Friday, May 07, 2004

Mark your calendars

Anime News Network | My Neighbor Totoro, Nausicaa, Porco Rosso Release Announcement
Walt Disney Home Entertainment and Studio Ghibli proudly present three animated masterpieces from Hayao Miyazaki, the genius filmmaker of “Spirited Away,” the Academy Award? winner for the Best Animated Feature Film of 2002. MY NEIGHBOR TOTORO, NAUSICAƄ OF THE VALLEY OF THE WIND and PORCO ROSSO will each be available for the first time on a 2-disc DVD on August 31. These remarkable films each include a brand-new, stellar English language voice cast and on DVD also feature the original Japanese language track; complete storyboards; featurettes that go behind the microphone and more, presented in a pristine digital picture for the best possible viewing experience. With a unique blend of entertaining storytelling, imagination, compelling characters and stunning artistry, each of these magical and mystical worlds will enchant and delight audiences of all ages.
Porco Rosso is the one that will blow you away.

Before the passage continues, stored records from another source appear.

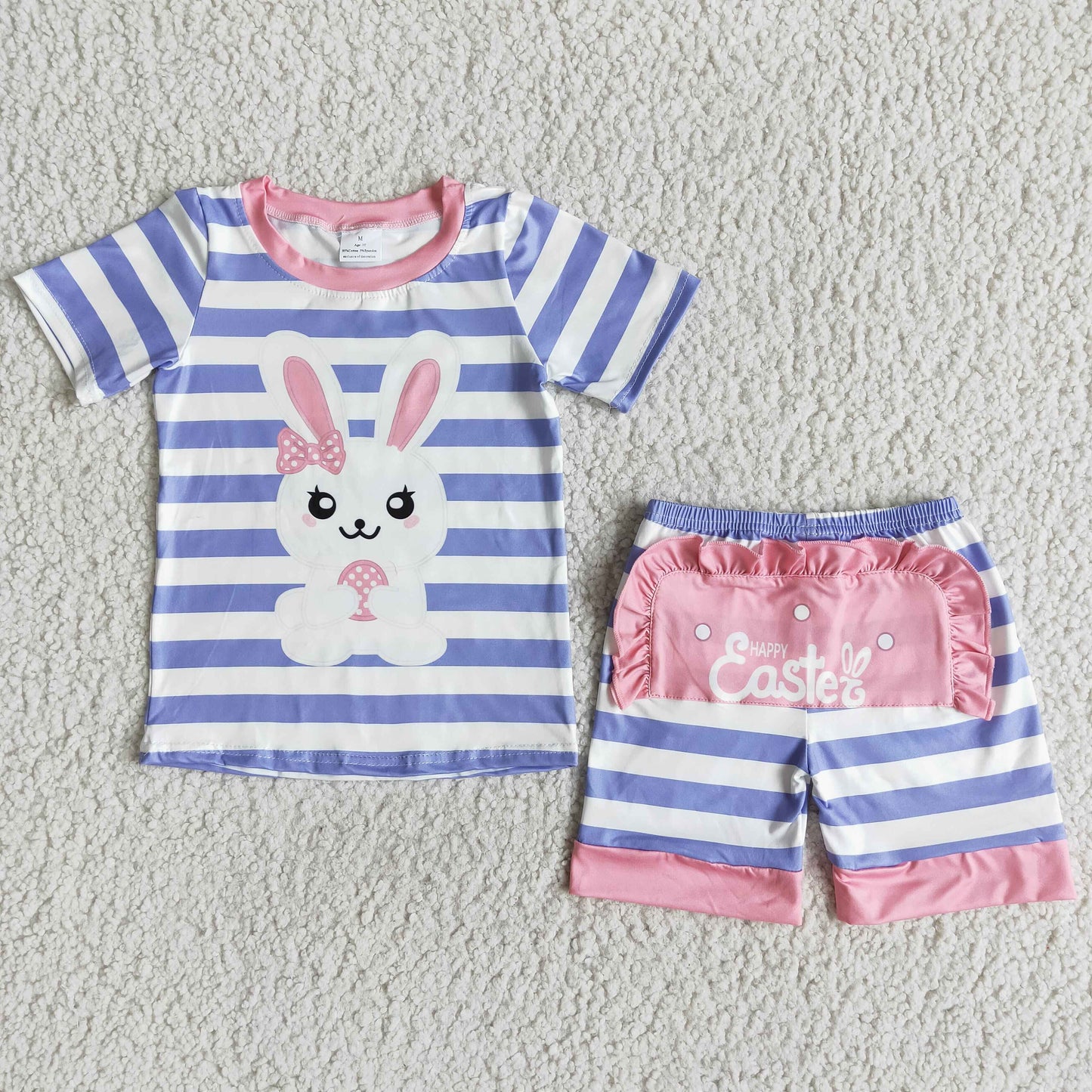 E7-17 Pink Rabbit Blue Stripes Suit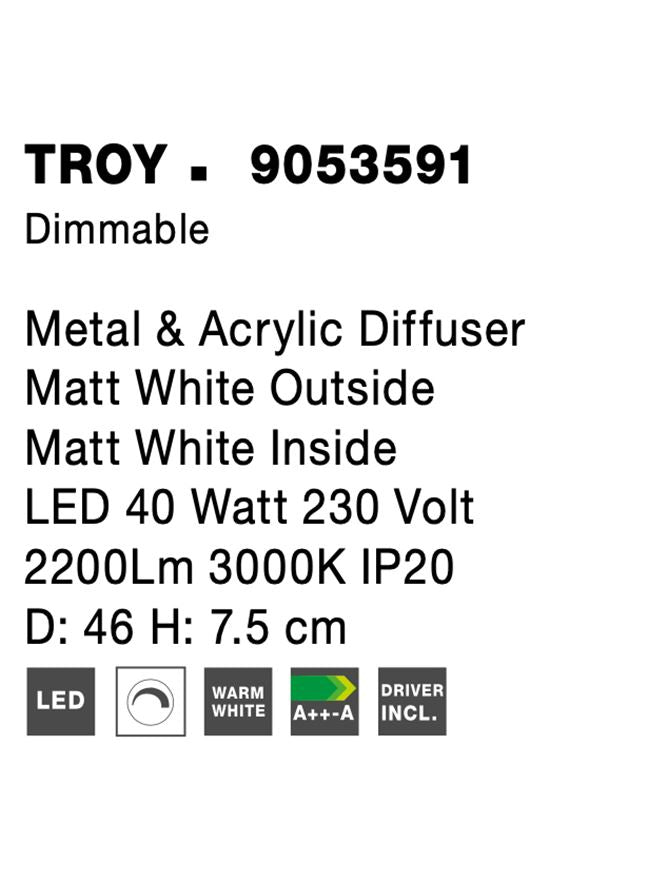 Висящо осветително тяло (пендел) TROY 40W LED Матово бял метал акрил ⌀46 H7.5см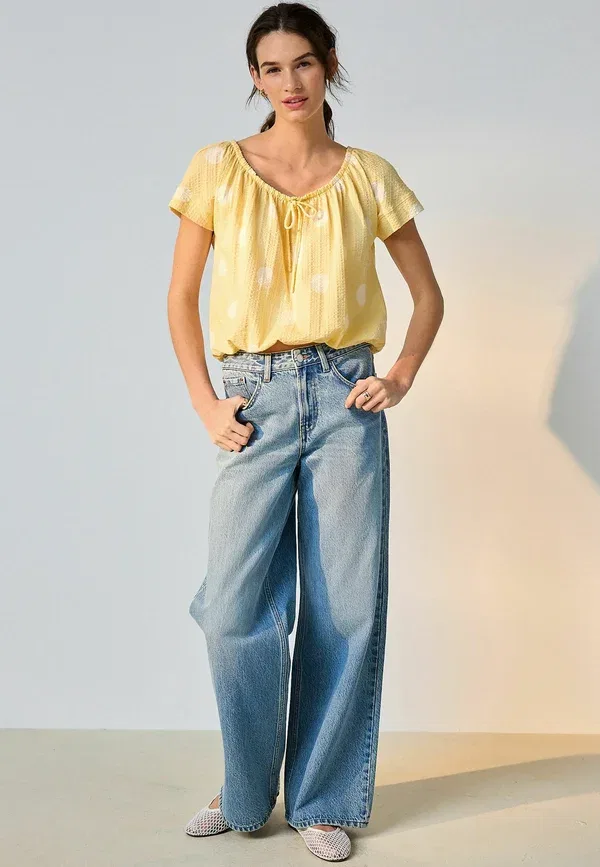 Футболка Next Tall fit short sleeve bubblehem scoop neck t-shirt, лимонно-желтый в горошек — фото 2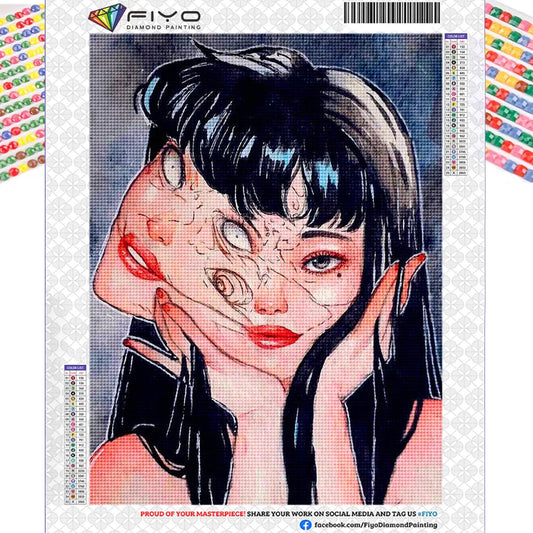 5D Anime Horror Girl Diamond Painting Kit – 30x40cm Full Round Drill DIY Embroidery Mosaic Art for Home Decor
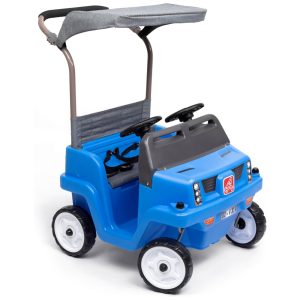 Carro de Empurrar Infantil Side-by-Side Push Around SUV 2 Assentos com Cintos de Segurança e Buzinas Suporta Até 453 kg Para Crianças de 15 a 5 Anos Step2 Azul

The press release lists some of the cast, but not who's reading what. IMDB to the rescue. Michael Keaton is Porco Rosso, the Italian aviator who has "resigned from the human race" and become, literally, a pig. (Jean Reno did the French-language release: If only they'd got him for this one.) Susan Egan (Megara in Disney's "Hercules", Lin in "Spirited Away") is Gina, the woman who loves Porco, if he'd only let her. Cary Elwes ("The Princess Bride", "Robin Hood: Men in Tights", "Liar Liar") is Curtis, the rival American pilot who also has eyes for Gina. David Ogden Stiers is Grandpa Piccolo, who owns the shop where Porco's plane is repaired after his first run-in with Curtis.

But then, the disc will also include the original Japanese with English subtitles, so if you don't like this cast you don't have to listen to them. You'll want to see this either way.

Tuesday, February 10, 2004

Which is not to say...

That the Jack Schiff-edited sci-fi Batman was without merit. "Robin Dies at Dawn" (Batman #156, surprisingly psychological for a comic book) and "Prisoners of Three Worlds" (Batman #153, a rare Batwoman/Bat-Girl book-length epic) were definitely keepers.

Monday, February 09, 2004

Julius Schwartz, 1915-2004

One of the founding fathers of science fiction fandom and comics fandom, and a longtime editor for DC Comics, Julius Schwartz, passed away early Sunday morning. If you have no idea who he is, Mark Evanier can tell you.

At great length.

For me, the following is the transition that defined what separated Schwartz's comics from anybody else's.



To the left is Detective #326, the last issue edited by Jack Schiff. It was Batman's 300th appearance in Detective Comics, though no mention of this landmark is made. It is fairly typical of the run over the preceding ten years: Situations that wouldn't have been out of place in the Superman comics of the time, and some of the wonkiest aliens you could hope to see. If memory serves me, illustrated by Sheldon Moldoff (whose own rarely-seen style, when he wasn't ghosting Bob Kane, wasn't half bad).

To the right is Detective #327, the next month's issue, and the first edited by Julius Schwartz. As you can see, about the only thing that stayed the same was the presence of Batman and Robin. Illustrated by Carmine Infantino, making no attempt to imitate Kane.

Sunday, November 30, 2003

Opus returns

It was only a matter of time before this "not available online" comic strip was available online. (Thank Waxy.)

I hate to rain on the parade, but not only is it not particularly funny, but it isn't even the first time he's used essentially this same joke. Not a great beginning for the strip being hyped like the Second Coming. Message for the newspapers that paid big bucks for the priviledge of cancelling three Sunday strips to make room for this mistake: Cut your losses. Run Prince Valiant instead.

Friday, October 24, 2003

A superhero named Ralph

Whatever happened to the Elongated Man? It's about time DC issued a trade-paperback collection of the Gardner Fox / Carmine Infantino run that started in Detective Comics #327.